Salt Lake City Mayor Ralph Becker opened CNU 21 on Wednesday by sharing a vision of livability and sustainability in the host city. As Becker noted, comprehensive long-term specific measures continue to reshape not just his city but the entire Salt Lake Valley to make the region more transit-focused. An extensive light rail system stretches from Provo to Ogden with Salt Lake in the middle. Over 100 changes to codes have been undertaken in the past three years alone, allowing for development and implementation of livability improvements such as complete streets, a system of shared pathways, bike lanes, connected corridors and increased recreational access.

And while the mayor’s presentation showed what could be done with a clear vision and a plan in place, it was the evening’s main speaker, author Richard Louv, who gave those in attendance something very pressing to think about.
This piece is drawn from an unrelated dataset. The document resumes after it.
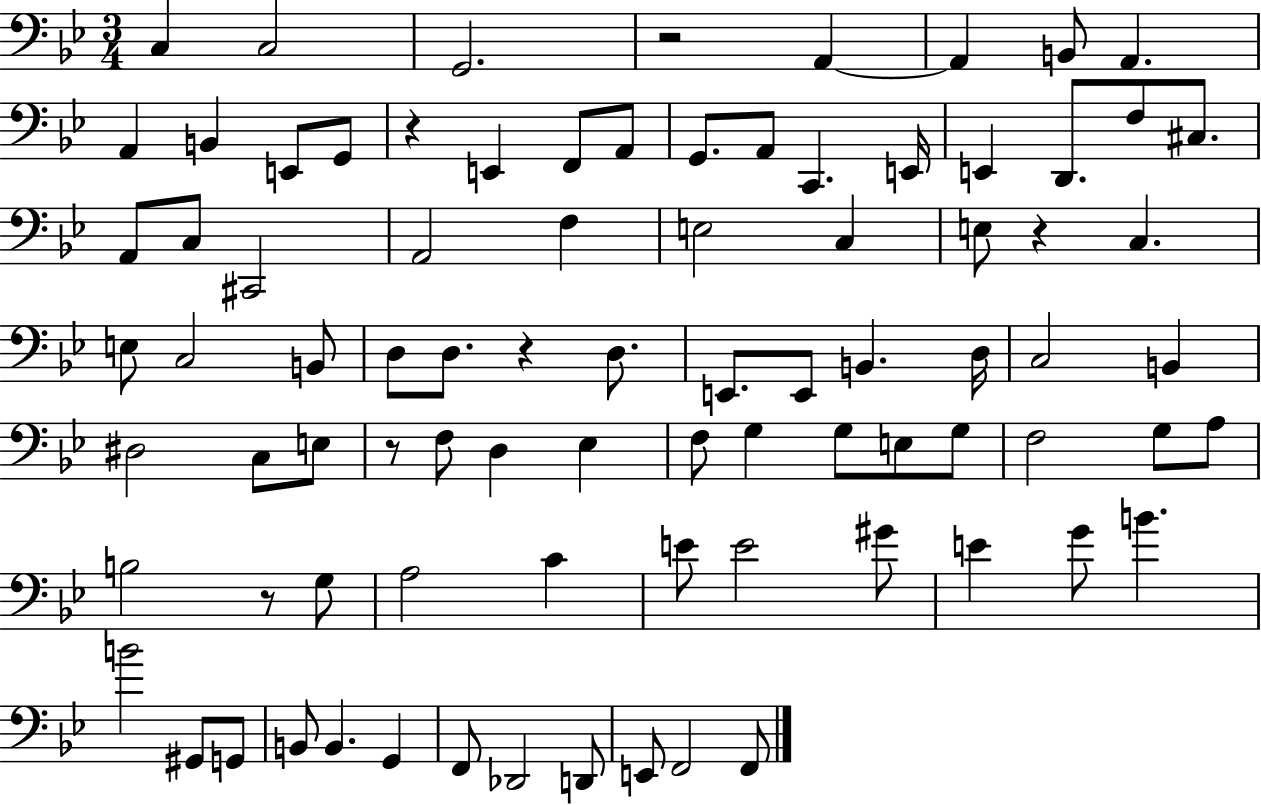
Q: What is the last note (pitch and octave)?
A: F2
Louv, who has written eight books including Last Child in the Woods: Saving Our Children from Nature-Deficit Disorder, addressed the growing disconnect between children and the natural world, and what this means for the future. Louv pointed to studies that show how a majority of children in San Diego, his hometown, have never touched seawater, and how others who live in areas such as, say, Salt Lake City have never been to a mountain. He noted that independent play has decreased by an average of nine hours per week and that fewer and fewer children are exploring and playing in nature.
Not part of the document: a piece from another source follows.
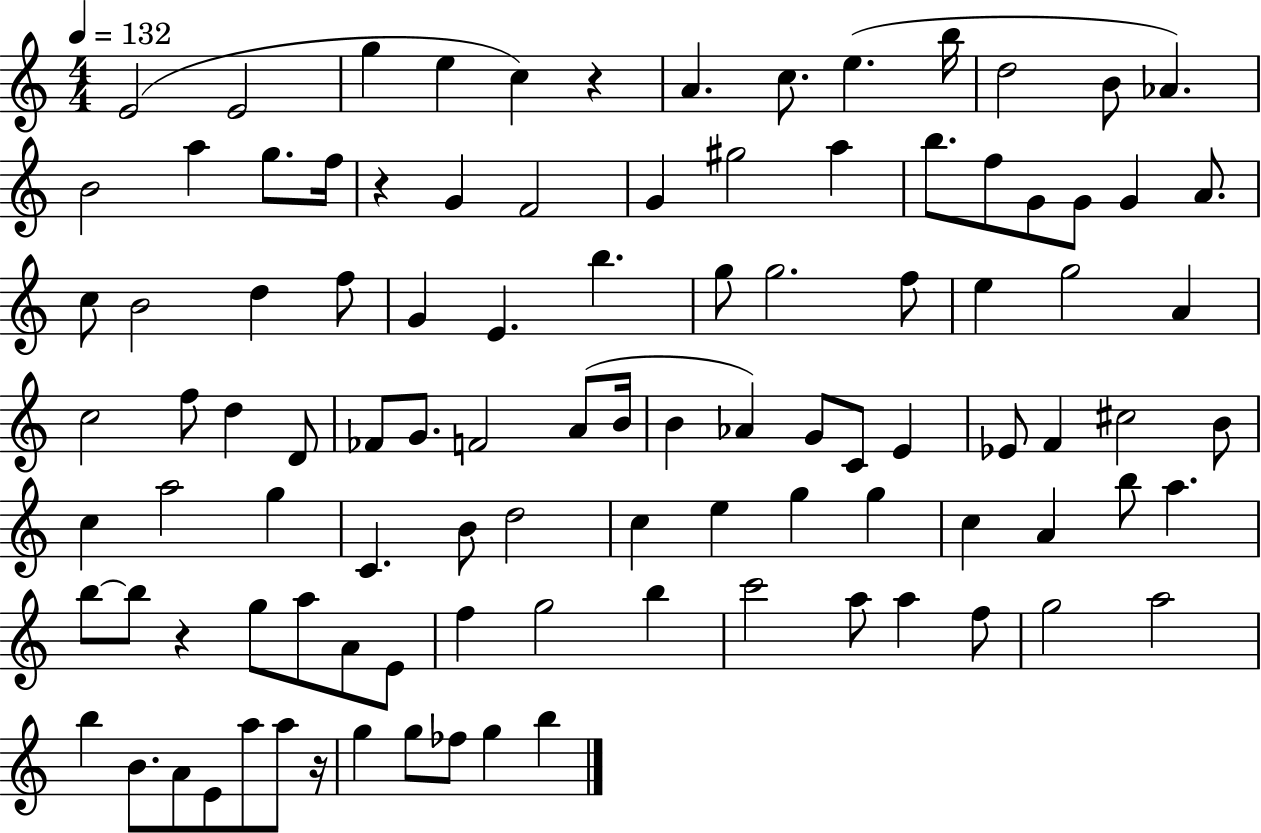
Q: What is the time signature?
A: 4/4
We’ve heard the oft-cited reasons for this: Competition with computers and video games, plus a culture of fear on the part of parents. But another reason, and the one most important for the crowd at hand, is poor neighborhood design that discourages children (and adults) from going outside. As the Centers for Disease Control and Prevention have pointed out, only one in five children live within walking distance of a park or playground.

The consequence for society is that we see more and more children diagnosed with attention deficit disorder, obesity and loss of executive function, or the ability to make decisions for themselves. In fact, we are beginning to see the same diseases in people who lead sedentary lives as we do in those who smoke. Taglines such as “sitting is the new smoking” and “leave no child inside” are becoming popular refrains.
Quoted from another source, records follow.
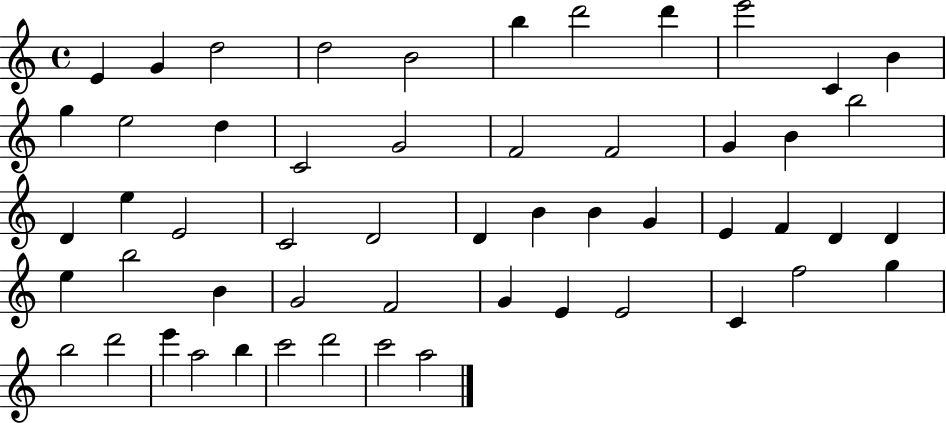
{
  \clef treble
  \time 4/4
  \defaultTimeSignature
  \key c \major
  e'4 g'4 d''2 | d''2 b'2 | b''4 d'''2 d'''4 | e'''2 c'4 b'4 | \break g''4 e''2 d''4 | c'2 g'2 | f'2 f'2 | g'4 b'4 b''2 | \break d'4 e''4 e'2 | c'2 d'2 | d'4 b'4 b'4 g'4 | e'4 f'4 d'4 d'4 | \break e''4 b''2 b'4 | g'2 f'2 | g'4 e'4 e'2 | c'4 f''2 g''4 | \break b''2 d'''2 | e'''4 a''2 b''4 | c'''2 d'''2 | c'''2 a''2 | \break \bar "|."
} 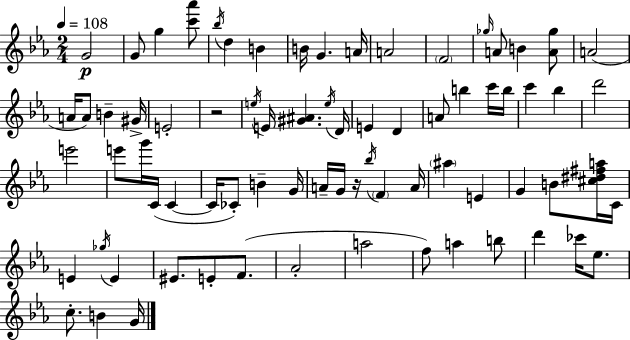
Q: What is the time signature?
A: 2/4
The solution — find a way to get kids outside more often — is clear enough, and there are a number of ways to get there. A growing movement of “family nature clubs” has parents and guardians taking the lead in organizing outdoor events and inviting other families to join. Pediatricians are actually beginning to write “park prescriptions” — one program in Portland, Ore. has doctors and the parks department working together to let families know about recommended resources for outdoor recreation.

As the various assembled planners, architects and urbanists come away from CNU 21, they shouldn’t forget to keep spaces for play and recreation in mind in future plans for their hometowns.

Arnold Weinfeld is the director of strategic initiatives at the Michigan Municipal League.